After I doing everything I know to do…I will see what progress I have made.

So, this is the beginning of the process. After doing everything I know to do, after spending a year, with an average of two hours of writing on my novel a day, I will see what progress I have made. I’m not allowing myself to quit this time.

I think I have found a new faith and grace to write. It happened after I watched a movie last night. The main character reminded me of my main character and her challenge was similar to my character. I began to feel like I had a worthwhile story to tell. This is what every author needs.

I spent about four hours editing my first chapter and I thought it sounded pretty good, so I called my husband into the room. He is turning into my editor, support, and critique group, all rolled into one. I didn’t get halfway down the first page before he was correcting me.

“You have too many pronouns. Who is “her” and “she”? The reader is being taken out of the action.”

I looked at my paragraph and it was indeed filled with pronouns. It was an easy correction to make, but I missed it on my own. I began to see how badly I needed another set of eyes.

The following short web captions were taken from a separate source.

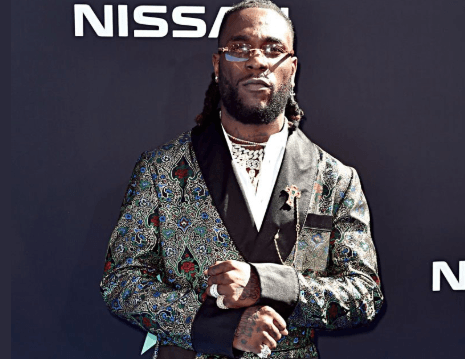 #BETAwards: Burnaboy’s Mum Accepts His BET Award On His Behalf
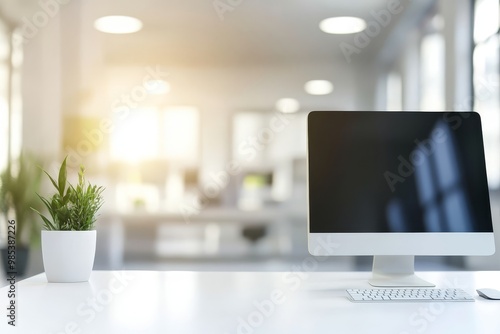 Close up of a white computer desktop with a monitor, keyboard and mouse with a potted plant in the foreground and a blurred office in the background.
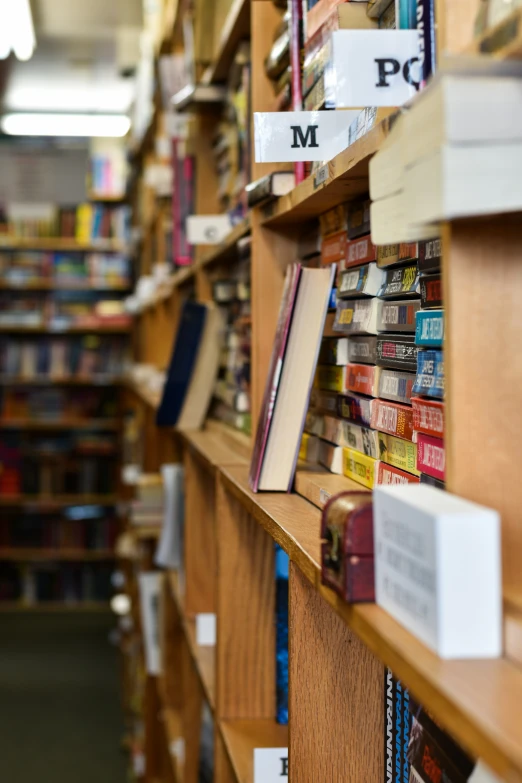 a number of books on shelves near one another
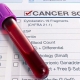 Blood test for cancer lays on medical form for cancer screening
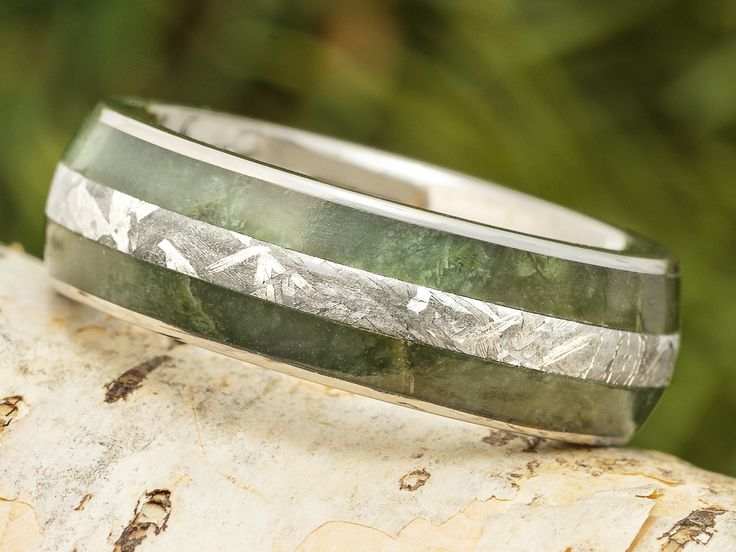 a wedding band with green and silver inlays sits on top of a tree trunk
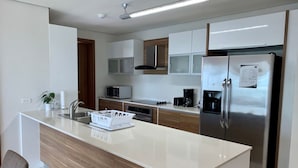 A modern kitchen with a central island, stainless steel appliances, and wooden cabinetry.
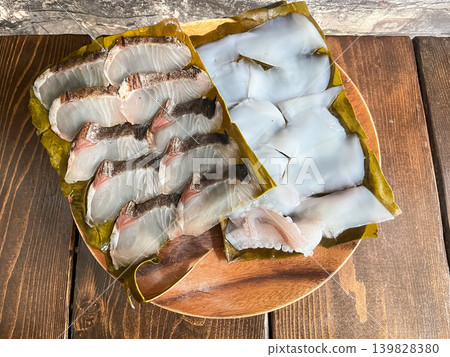 Spanish mackerel and bigfin reef squid cured in kelp. A dish in which fresh sashimi is wrapped in kelp and aged. Spanish mackerel and bigfin reef squid cured in kelp. A dish in which fresh sashimi is wrapped in kelp and aged. 139828380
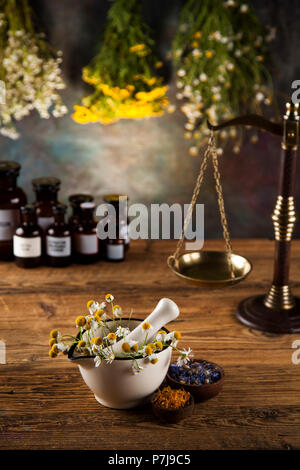 Kräuter, Beeren und Blumen mit Mörtel, Holz Tisch Hintergrund Stockfoto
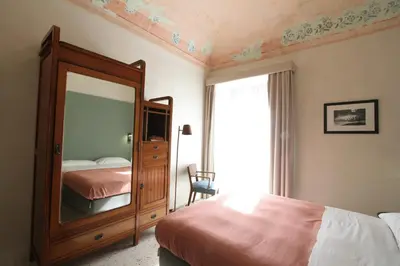 Letto o letti in una camera di Tre Vie apARTment 80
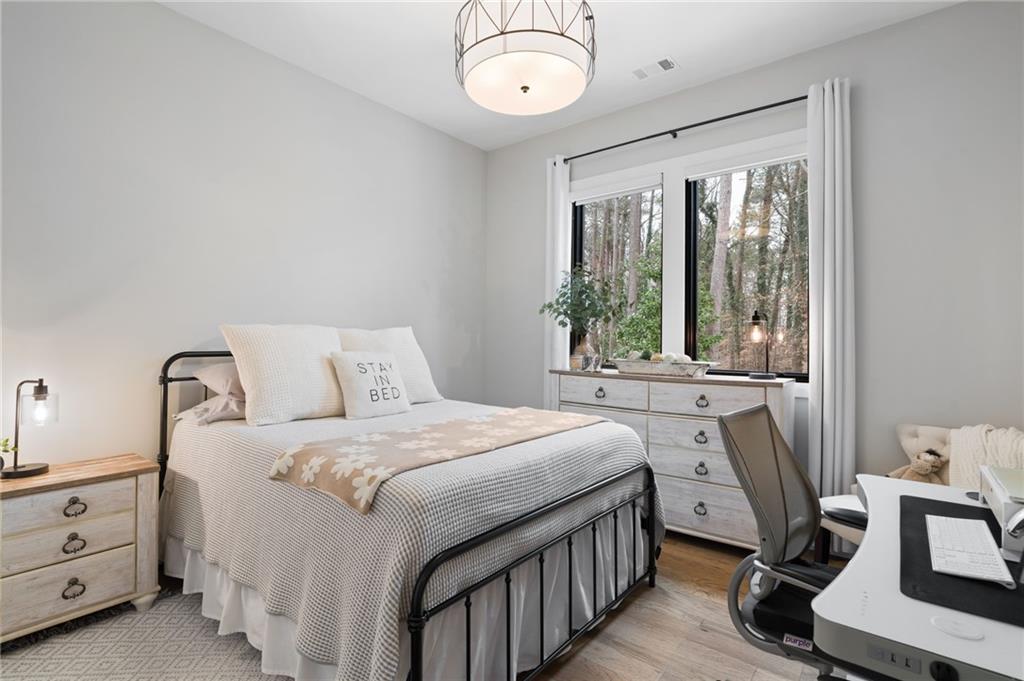 4226 South Berkeley Lake Road Northwest Berkeley Lake, GA 30096 - Photo 23 of 61 a bedroom with a bed and a table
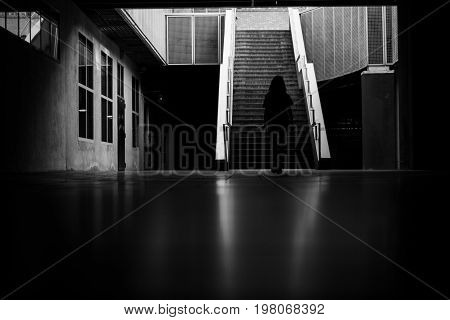 Black and white photograph of a black silhouette of a girl walking towards a few stairs in the city.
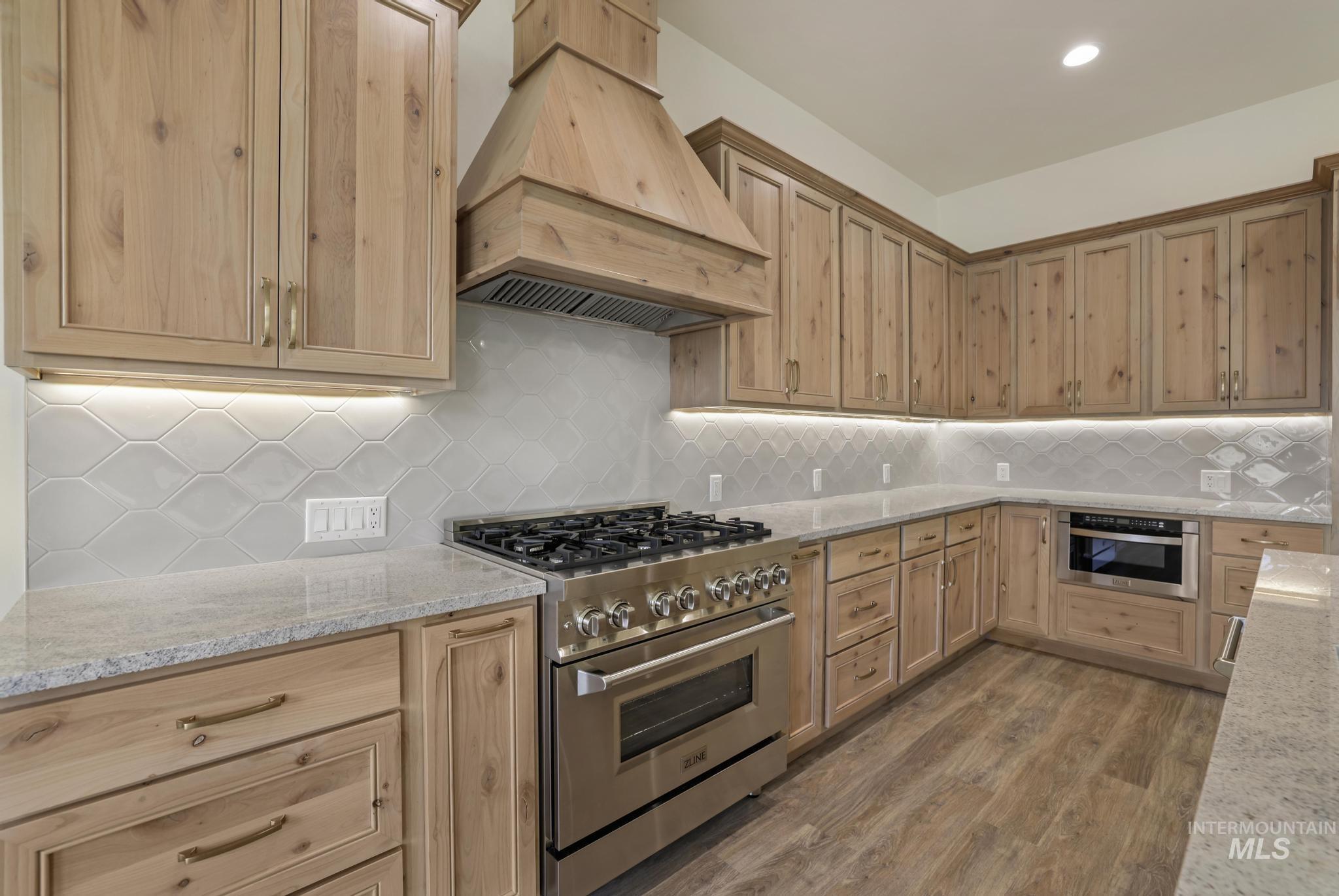 Kitchen with stainless steel appliances, custom exhaust hood, light stone counters, decorative backsplash, and light wood-style flooring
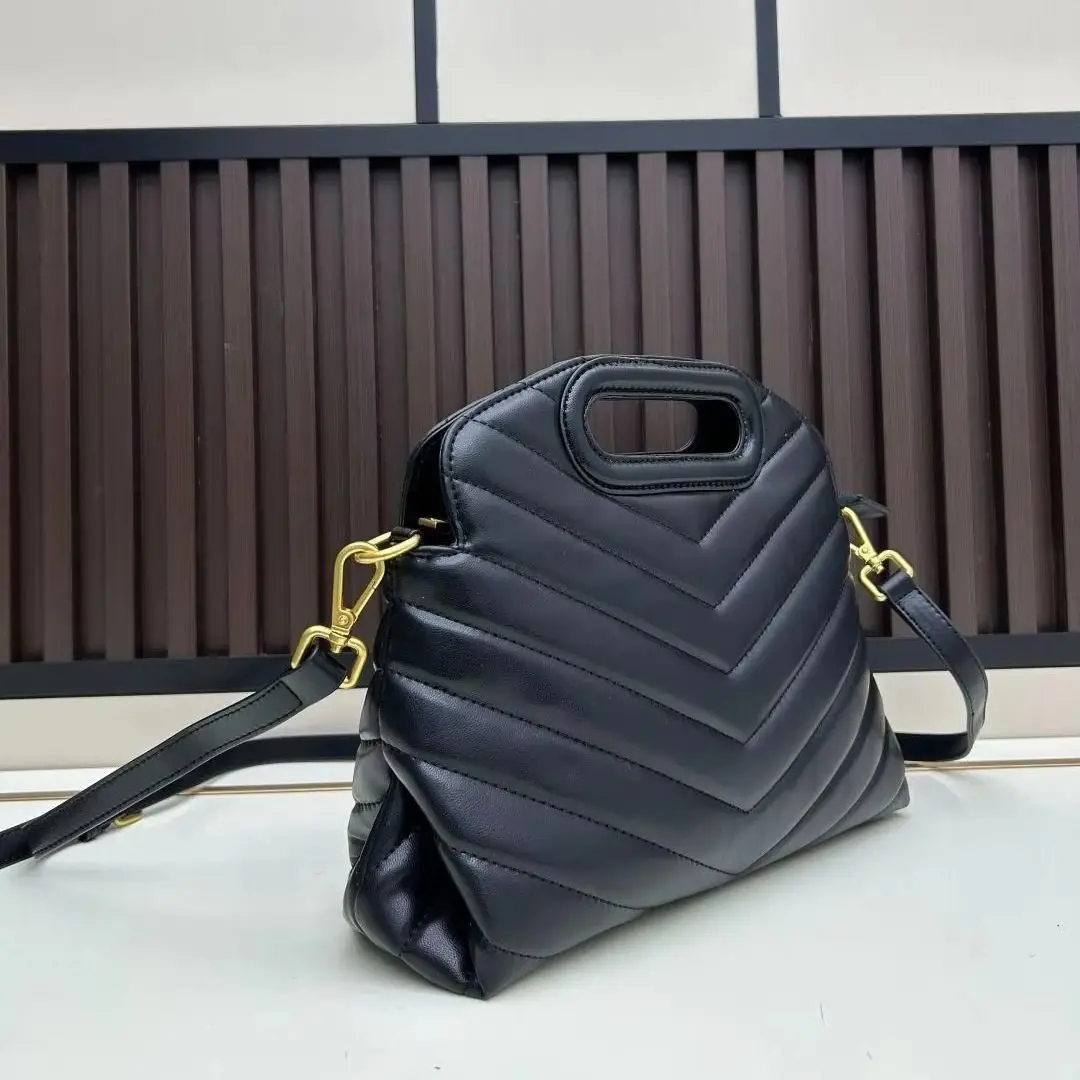 

Deep black leather handbag with V-shaped quilting, a cut-out top handle and detachable gold-tone hardware strap.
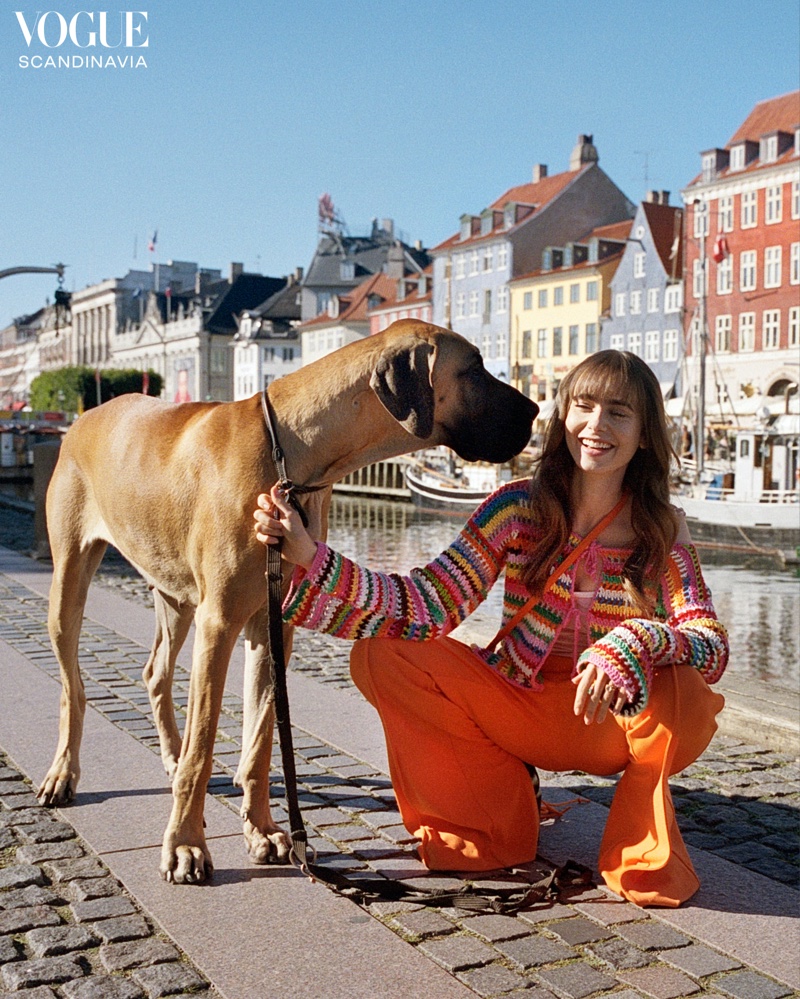 Modeling with a dog, Lily Collins wears an orange outfit.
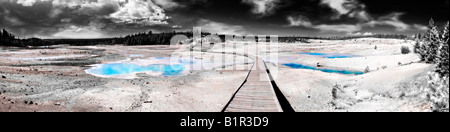 Panorama image looking down and following the long winding wooden boardwalk trail that wanders through the pools of the Norris G Stock Photo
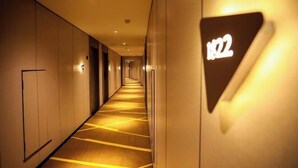 A hotel corridor with a carpeted floor, a wall-mounted sign displaying the number 122, and a door on the left. - IU Hotel (Chongqing Nanping Wanda Plaza Light Rail Station) (Chongqing)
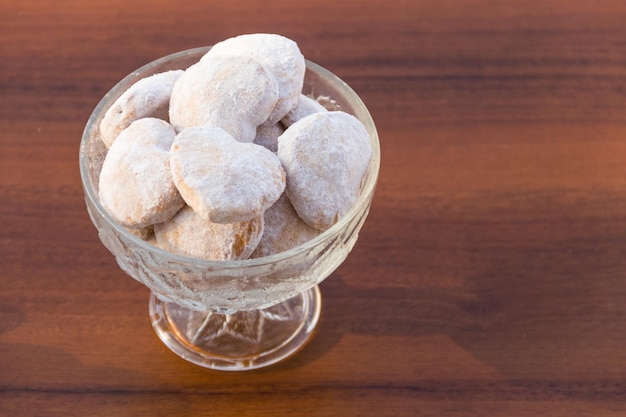 Bord met hartvormige koekjes bedekt met poedersuiker op houten tafel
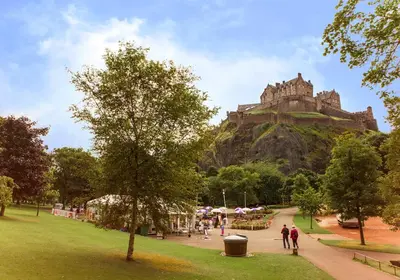 a park with a castle on top of a hill at Edinburgh Castle Suite - The Edinburgh Address in Edinburgh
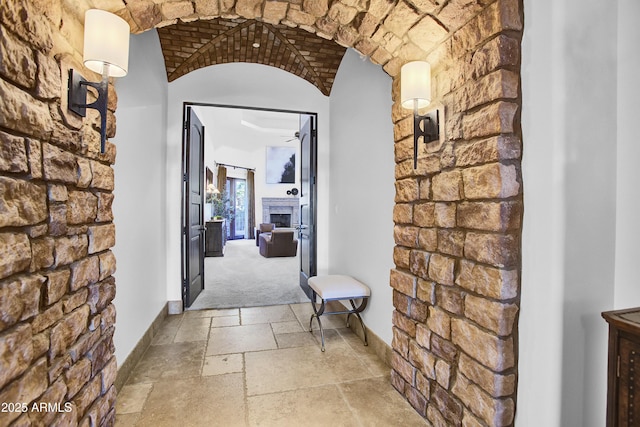 corridor with brick ceiling, stone tile flooring, and baseboards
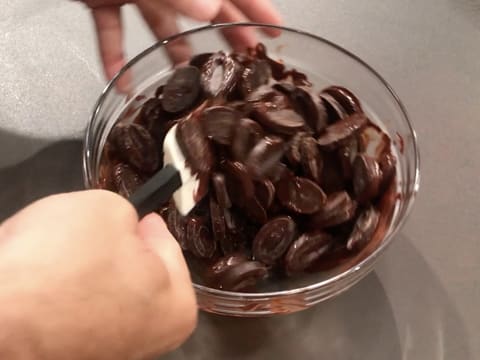 Mélange des fèves de chocolat noir qui commencent à fondre dans le saladier en verre, à l'aide d'une spatule maryse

A little while later he commented, “I like that. I like what you did there.”

Good. I thought that part was done well, too, and I really appreciated that he noticed. My reader was in the action, feeling what my character was feeling.

Before long I had another pronoun issue but then we ran into something bigger. Too much telling, not enough showing. I’ve had this critique before. It is a critique that most, if not all, new writers get.

I was sharing back-story. I had too much back story, another very common mistake. You can really only afford to have a couple of sentences of back story in your first chapter. I shortened the paragraph and tried it again.

“It’s probably alright to “tell” when it’s backstory,” my husband said.

He is the reader, I acknowledged. I need to pay attention to how he feels when he is reading my story. If he thinks the amount of telling I did was alright, then it’s probably OK.

I was beginning to see how these little adjustments were making a big difference.

But his next critique was more difficult to digest. He didn’t like several paragraphs describing what was going on in the setting, and highlighting the scenery.

“What’s the point?”

In other words he was asking, Who cares? Long ago a critique partner did some serious damage with the same question, because, after all, I care. I care a lot. Everything I’ve written affects my character’s experience and the development of her story. I’ve tried to get my reader to enter into my character’s world.

Evidently there is a more effective way to do this.

I swallowed and took the critique in stride.

It’s not uncommon for writers to burst into tears or experience something near tears when their laborious efforts are effectively trashed. We are supposed to develop a thick skin, supposedly. It’s not what most sensitive writers have. But we can have an open mind, which is probably just as good.

Parts of my writing distracted the reader from the main story, which my husband saw clearly. I didn’t want that to happen, did I? So, how could I correct this?

I felt troubled. Should I just delete these segments? Delete part of them? Shorten them? Combine them?

We had reached the end of the chapter and I returned to editing.

I did all of the above. I cut my chapter from 1800 words to 1200 words and ended with the main part of the story as the focus.

An hour later my husband kindly listened to another reading.

“That’s great. You did it.” He was almost emotional. “You’ve got a hook, now.”

The hook is the all important thing readers need from a first chapter. It is the thing that makes them want to read the next chapter.

In the first chapter a writer has to accomplish the task of making the reader feel invested in the character. They want to know what happens next to her. This is not as easy as it sounds.

Needless to say, I was encouraged. But now I am looking at the rest of my book and asking, Who cares? What’s the point?

Update on My Novel

To my dear readers who have followed my story…thank you for your incredible patience.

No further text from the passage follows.